Watched: 11/30/2205
Format: Netflix
Viewing: First
Director: Vicky Wight
We watched Happiness for Beginners (2023) because Jamie had read the book and wanted to check out how it was turned it into a film. And because Jamie watches so much nonsense of my choosing, I wished to be flexible and watch a movie about Eat, Pray, Loving one's way through a long hike. Plus, Ellie Kemper is fun.
And, yeah, I am very glad Ellie Kemper got a movie as a lead and was able to show some star quality other than making mad bank as Kohl's Mom. I've mostly seen her play "wacky" and this wasn't really that. Here, she's a woman in her 30's who just wrapped up a divorce and decides to go on the aforementioned days-long hike on the Appalachian Trail.

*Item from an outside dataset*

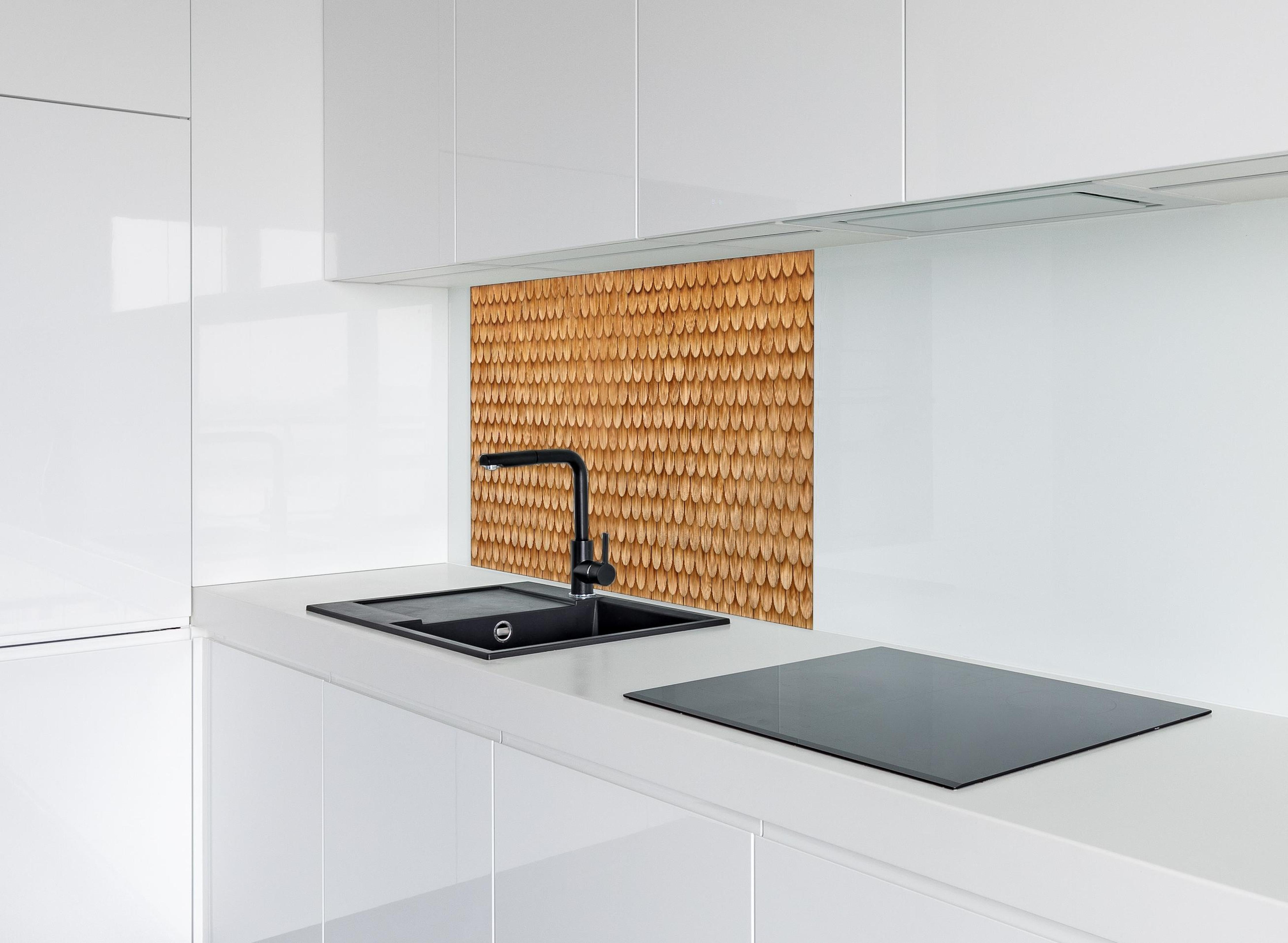 Spritzschutz - Bayrische Holzschindeln hinter einem Cerankochfeld zwischen Holz-Kochutensilien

Helen (Kemper) is accidentally joined by her younger brother's best friend, Jake (Luke Grimes) who accidentally also signed up for the same hike, and along the way she learns, laughs and loves, and the two hook up at the film's end. Shocker. (You will know this in the first five minutes of the movie. This is a spoiler only if you have amnesia that makes you forget how every movie, ever, worked.)

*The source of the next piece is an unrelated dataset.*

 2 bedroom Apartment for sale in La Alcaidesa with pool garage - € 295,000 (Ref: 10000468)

Unfortunately, aside from Kemper's energy and the honestly stunning outdoors scenery, the movie kind of never raises above a mediocre sitcom. It's a will they/ won't they question that will clearly resolve exactly one way. It doesn't know a sitcom cliche it doesn't want to exploit. While also introducing major character items and then ignoring them completely. Cumulatively, these things make the characters unbelievable and nearly unlikable.
It's the kind of movie where every time something is going to happen - an important conversation, a kiss, whatever... people are interrupted. Someone walks into frame, someone calls for them, etc... Which, fair, but the characters are in the woods with only one another for company. They do not teleport and travel through time from scene to scene - they have time and space to say the next thing they were going to say. It's almost confusing why they don't just let the interruption pass and then pick up again. At least in a workplace sitcom you assume they have to move on with their day.
I guess, fundamentally, I felt like this movie could have been an email. Like, just have these two have a conversation... all the delay isn't really entertaining.
But the characters will even self-interrupt. There's a scene where one of those two major character items shows up as Kemper explains how her middle brother died and how it destroyed her family (something which impacts nothing else in the movie and feels weirdly out of place), and after she's done - Man just says "we should get some sleep". Not "let me comfort you" nor does he ask any follow up questions. Just "we should get some sleep". And then starts a fight with her.
It's so weird.
The other thing is that SPOILERS we find out Man is slowly going blind. And is, in fact, night blind already. But it only impacts him one time, not all the time when it is dark, when he apparently can get around just fine without his glasses, which he almost never wears.
Most of the supporting characters are just sketches. When characters do say who they are, they must do it by interacting with Helen, in which case they stop the movie to explain their whole deal. It's wildly lazy writing of the tell-don't-show variety. The little character beats seem to want cheaply earned gravitas for the movie - but instead the beats just dump a paragraph of character bio that will never again be relevant or come up in a meaningful way.
The odd thing is that you can exactly triangulate how all of this happened.
The movie has a single writer/ director/ producer in Vicky Wight. While Netflix surely had final edit and some say, this is her baby. She's the one who wrote and directed a scene in which someone who has been pining for Kemper for a decade, and who took the crazy leap to spend time with her, gets interrupted when he's about to spill his guts, and then does not ask her to hold up so he could tell her instead of just standing there like an idiot while she slowly gets in her car and drives away.
Also, it does feel a little stalker-ish he followed her out to the woods. And why DIDN'T they just say they knew each other? It makes no sense, and if they stay in touch with anyone else after, they clearly will have to tell them. It's so weird and dumb.
And from what Jamie groused to me, the movie does what many an adaptation do: It uses the book as a rough outline, but so much is changed, it kind of changes the meaning from the original text (see: Frankenstein). This includes a massive reduction in the number of hikers, which causes logistical issues I kept asking about. "Why would you do that if you're on the Appalachian Trail?" type stuff, like having your trail guide split the group and then not follow up behind the first group, potentially losing hikers in the woods. Which absolutely happens.
The movie also forgets to do basic things like showing Helen blocking her ex from calling her as a sign of growth. She kind of just comes back ready to love her brother for reasons.
Anyway, it wasn't so much a problem of "not for me" as "this movie is badly written and is hoping the gorgeous scenery will distract me". The scenery did not distract me. This movie needed a few more drafts before the cameras rolled.